● **RECORDS SUPPLIED**:
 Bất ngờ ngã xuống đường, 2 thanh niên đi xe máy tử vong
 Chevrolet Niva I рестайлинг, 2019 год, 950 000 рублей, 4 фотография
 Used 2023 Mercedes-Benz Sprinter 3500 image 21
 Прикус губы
--
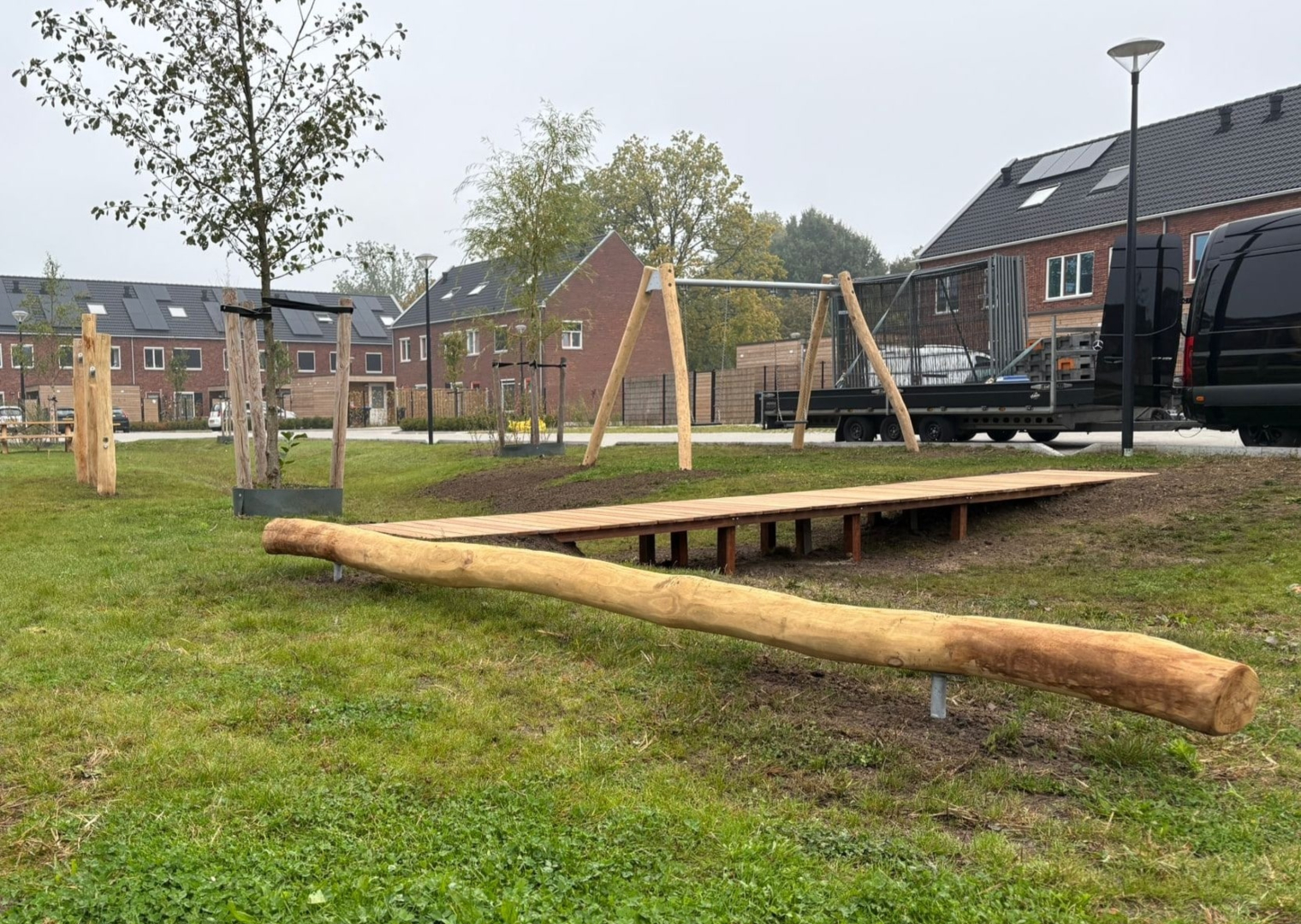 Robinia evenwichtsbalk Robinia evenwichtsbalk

● **WHAT YOU NEED TO DO**:
Reproduce verbatim only the segment of the listing bounded by the line containing "Chevrolet Niva I" and the line containing "Прикус губы", with both boundary lines included.

● **ANSWER TO THIS TASK**:
 Chevrolet Niva I рестайлинг, 2019 год, 950 000 рублей, 4 фотография
 Used 2023 Mercedes-Benz Sprinter 3500 image 21
 Прикус губы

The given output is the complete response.